In many ways life has moved on – the people of the small country towns go about their everyday business, the former battlefields have been turned over to agro-industry, their boundaries grubbed up to allow easy passage of tractors and combine harvesters.
But at almost every turn of every road is a graveyard, with its neat rows of white stones commemorating servicemen who fell in battle during the War to End All Wars.
In the Contay British Cemetery near Amiens is the grave of Private Henry Einar Dixon – great uncle Einar – who died on the Somme on September 19 1916, two months after the July offensive, when a trench caved in on him. He was 29, and like all his close relatives was a member of the Religious Society of Friends.

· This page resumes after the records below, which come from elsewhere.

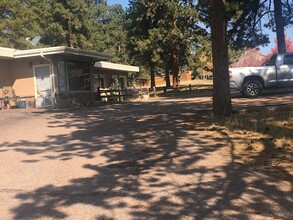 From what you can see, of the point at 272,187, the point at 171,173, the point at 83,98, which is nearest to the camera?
the point at 272,187

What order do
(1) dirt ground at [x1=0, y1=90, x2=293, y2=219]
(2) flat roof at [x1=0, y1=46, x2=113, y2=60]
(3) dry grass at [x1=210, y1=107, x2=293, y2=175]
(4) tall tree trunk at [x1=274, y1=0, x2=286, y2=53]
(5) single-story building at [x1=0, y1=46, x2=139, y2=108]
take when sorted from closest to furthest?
(1) dirt ground at [x1=0, y1=90, x2=293, y2=219]
(3) dry grass at [x1=210, y1=107, x2=293, y2=175]
(2) flat roof at [x1=0, y1=46, x2=113, y2=60]
(5) single-story building at [x1=0, y1=46, x2=139, y2=108]
(4) tall tree trunk at [x1=274, y1=0, x2=286, y2=53]

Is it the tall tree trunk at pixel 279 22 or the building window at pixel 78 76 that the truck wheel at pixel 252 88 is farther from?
the tall tree trunk at pixel 279 22

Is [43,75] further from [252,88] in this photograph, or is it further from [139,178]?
[139,178]

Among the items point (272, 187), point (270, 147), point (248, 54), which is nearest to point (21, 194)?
point (272, 187)

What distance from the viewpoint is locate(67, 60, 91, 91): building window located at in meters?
20.5

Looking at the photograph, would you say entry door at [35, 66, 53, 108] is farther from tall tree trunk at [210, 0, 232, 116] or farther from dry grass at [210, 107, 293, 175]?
dry grass at [210, 107, 293, 175]

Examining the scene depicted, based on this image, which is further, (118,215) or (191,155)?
(191,155)

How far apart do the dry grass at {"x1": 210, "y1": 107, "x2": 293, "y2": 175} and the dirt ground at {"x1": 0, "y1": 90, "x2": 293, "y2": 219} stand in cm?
17

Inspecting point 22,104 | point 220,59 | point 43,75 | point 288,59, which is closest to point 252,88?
point 288,59

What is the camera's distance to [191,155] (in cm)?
644

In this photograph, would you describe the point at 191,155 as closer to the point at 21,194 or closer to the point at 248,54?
the point at 21,194

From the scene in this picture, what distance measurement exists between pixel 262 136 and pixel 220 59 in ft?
9.70

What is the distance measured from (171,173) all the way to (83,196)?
139 centimetres

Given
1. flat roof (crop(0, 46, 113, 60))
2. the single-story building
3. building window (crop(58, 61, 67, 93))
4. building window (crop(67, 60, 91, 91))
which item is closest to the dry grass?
flat roof (crop(0, 46, 113, 60)) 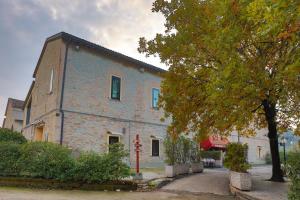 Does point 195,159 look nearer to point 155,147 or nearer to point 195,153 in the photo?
point 195,153

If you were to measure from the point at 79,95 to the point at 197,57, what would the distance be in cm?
985

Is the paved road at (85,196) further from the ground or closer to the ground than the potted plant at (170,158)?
closer to the ground

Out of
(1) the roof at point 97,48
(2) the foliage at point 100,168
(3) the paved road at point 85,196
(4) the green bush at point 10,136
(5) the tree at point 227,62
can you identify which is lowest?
(3) the paved road at point 85,196

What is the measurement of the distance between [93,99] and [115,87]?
7.86 ft

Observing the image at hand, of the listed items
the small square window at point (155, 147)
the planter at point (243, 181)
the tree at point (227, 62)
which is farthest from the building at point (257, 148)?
the planter at point (243, 181)

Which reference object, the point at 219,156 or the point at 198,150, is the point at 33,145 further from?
the point at 219,156

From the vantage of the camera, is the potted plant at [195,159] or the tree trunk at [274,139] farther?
the potted plant at [195,159]

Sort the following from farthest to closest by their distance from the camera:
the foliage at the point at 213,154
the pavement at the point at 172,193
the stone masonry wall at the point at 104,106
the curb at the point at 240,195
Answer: the foliage at the point at 213,154, the stone masonry wall at the point at 104,106, the curb at the point at 240,195, the pavement at the point at 172,193

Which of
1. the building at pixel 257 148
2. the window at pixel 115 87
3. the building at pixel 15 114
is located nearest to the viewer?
the window at pixel 115 87

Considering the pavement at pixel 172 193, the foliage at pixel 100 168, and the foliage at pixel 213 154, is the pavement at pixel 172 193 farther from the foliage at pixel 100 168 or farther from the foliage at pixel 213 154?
the foliage at pixel 213 154

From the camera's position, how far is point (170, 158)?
17.0 meters

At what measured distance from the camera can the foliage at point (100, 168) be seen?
41.4 feet

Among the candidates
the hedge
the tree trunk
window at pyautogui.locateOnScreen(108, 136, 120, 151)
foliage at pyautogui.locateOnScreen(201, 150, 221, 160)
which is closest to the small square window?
window at pyautogui.locateOnScreen(108, 136, 120, 151)

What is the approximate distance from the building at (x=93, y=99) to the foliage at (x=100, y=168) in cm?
632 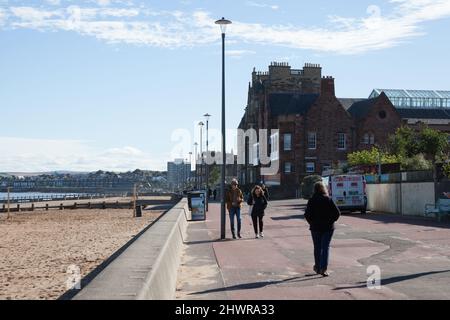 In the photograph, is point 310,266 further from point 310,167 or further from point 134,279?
point 310,167

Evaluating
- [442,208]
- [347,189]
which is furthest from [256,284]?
[347,189]

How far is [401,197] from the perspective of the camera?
33844 mm

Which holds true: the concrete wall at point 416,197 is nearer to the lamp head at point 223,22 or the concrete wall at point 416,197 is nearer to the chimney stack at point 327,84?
the lamp head at point 223,22

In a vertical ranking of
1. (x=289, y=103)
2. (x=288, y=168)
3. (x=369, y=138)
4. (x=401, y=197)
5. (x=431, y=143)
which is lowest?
(x=401, y=197)

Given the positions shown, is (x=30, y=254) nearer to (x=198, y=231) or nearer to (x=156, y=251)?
(x=198, y=231)

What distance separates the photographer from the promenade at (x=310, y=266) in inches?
395

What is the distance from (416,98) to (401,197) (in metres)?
64.2

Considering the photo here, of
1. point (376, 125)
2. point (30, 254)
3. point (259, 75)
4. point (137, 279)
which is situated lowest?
point (30, 254)

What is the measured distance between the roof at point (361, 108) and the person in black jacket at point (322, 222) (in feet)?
209

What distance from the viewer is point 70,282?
42.3 ft

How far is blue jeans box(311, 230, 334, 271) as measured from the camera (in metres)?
11.7

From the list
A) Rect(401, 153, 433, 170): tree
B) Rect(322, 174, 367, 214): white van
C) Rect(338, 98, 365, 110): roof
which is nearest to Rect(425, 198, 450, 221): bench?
Rect(322, 174, 367, 214): white van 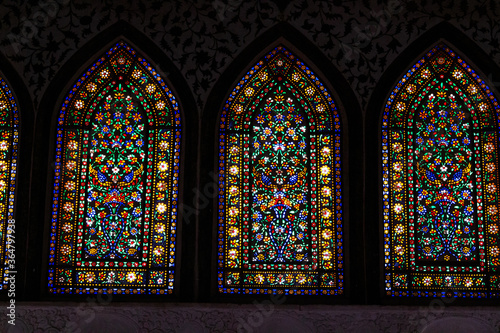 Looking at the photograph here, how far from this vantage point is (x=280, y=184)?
4812 mm

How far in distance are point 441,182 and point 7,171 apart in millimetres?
3372

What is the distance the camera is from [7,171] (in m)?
4.82

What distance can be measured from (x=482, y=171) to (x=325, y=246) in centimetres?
135

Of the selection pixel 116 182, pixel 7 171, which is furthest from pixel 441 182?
pixel 7 171

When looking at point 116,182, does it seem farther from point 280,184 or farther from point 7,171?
point 280,184

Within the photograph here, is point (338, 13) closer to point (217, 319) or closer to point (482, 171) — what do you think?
Answer: point (482, 171)

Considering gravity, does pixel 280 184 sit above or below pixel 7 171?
below

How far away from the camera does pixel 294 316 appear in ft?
14.4

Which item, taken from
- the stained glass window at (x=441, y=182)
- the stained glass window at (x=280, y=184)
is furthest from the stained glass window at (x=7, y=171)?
the stained glass window at (x=441, y=182)

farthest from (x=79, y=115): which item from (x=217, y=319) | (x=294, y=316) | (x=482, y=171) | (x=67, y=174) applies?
(x=482, y=171)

Einar was born in England, but had emigrated to Canada some years before. Family history is too hazy to tell us why. But he volunteered to return to Europe, and fight, with the Third Battalion of the Canadian Infantry (Central Ontario Regiment).
Einar had a brother – grandfather Hugh Dixon – who survived the war with honour. Conscientious objection wasn’t really an option then, even for Quakers. Einar’s gravestone is different among the uniform rows of 1,133 others because it has no cross – the Quakers don’t allow religious iconography, however simple.
Even as volunteers Einar and Hugh probably had little true choice about going to war, but there’s little doubt about what they believed they were fighting for.
They were fighting for their future – in other words for their families, for their descendants, for their compatriots, and for their freedoms.
Freedoms that we may sometimes find distasteful.
The freedom, for example, to write to The Bath Chronicle, as Tony Culver did last week, claiming that “the armed forces... have a bloody, unpleasant, nasty, brutish, barbaric, insensitive, stupid, idiotic heritage of slaughter and butchery.”
And the freedom of The Bath Chronicle to publish his letter without fear of censorship or suppression.
We should be proud that we can enjoy both of those freedoms, and more. We should be proud of those who have fought and died in our names, and who continue to do so. We should be proud, every November, to wear the poppies that commemorate them, and to respect the two minutes’ silence at 11am GMT on Armistice Day, November 11.
And Mr Culver should be grateful that he lives in a country which, whatever its imperfections, allows its citizens to write in the way he did.